As you might have heard, recently, Margrethe Vestager, the EU Competition Commissioner announced that Apple has avoided about €13 billion (about $14.5 billion) in Irish taxes. That assessment covers profits generated by Apple, Inc. in EU member-states for the period 2003-2014.
According to Commissioner Vestager, the EU reached that decision based on an evaluation of the tax benefits permitted by Ireland’s tax authorities, which the Competition Commissioner argues violates EU rules regarding member states providing “state aide” to corporations doing business in the EU.
As an example of the benefits accorded Apple by Ireland’s taxing authority, Commissioner Vestager explained that in 2011 Apple’s international sales entity generated profits of €16B. Of that profit less than €50 million were “allocated” by Apple to its Ireland-based branch. The remainder was allocated to Apple’s international “head office,” which is structured as a “state-less” entity that is not subject taxes. As a result, Apples 2011 effective tax rate was approximately 0.05%. Additionally, according to Commissioner Vestager, by 2014, Apple’s “effective tax rate was 0.005%.” [For a description of Apple’s approach for managing their EU taxes, see “Apple’s dirty little tax secret – APPLE NEWS.”]
According to Commissioner Vestager, while its Irish sales branch actively coordinates Apple’s EU-based sales activities, its “head office” exists only on paper. It has no employees, no premises, and no business activities. Thus, the EU Competition authority argues that the costs allocated to that entity are subject to Ireland’s corporate tax rate, which is about 12.5%.
Commissioner Vestager admitted that, previously, Ireland’s taxing authorities approved Apple’s local corporate “tax” structure and policies.
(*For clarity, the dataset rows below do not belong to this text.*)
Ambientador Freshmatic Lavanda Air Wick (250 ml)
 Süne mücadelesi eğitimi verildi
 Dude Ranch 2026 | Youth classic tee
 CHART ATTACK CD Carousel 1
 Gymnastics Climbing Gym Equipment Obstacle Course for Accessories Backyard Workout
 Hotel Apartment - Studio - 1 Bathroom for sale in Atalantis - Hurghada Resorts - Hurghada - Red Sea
However, as noted above, the EU Competition authority has deemed Ireland’s approval of that structure in violation of the associated EU rules.
In an article summarizing the EU announcement, Bloomberg news stated that Ireland’s Finance Minister, Michael Noonan, and Lucas Maestri, Apple’s chief financial officer, stated that they will appeal the EU Competition Commissioner’s decision.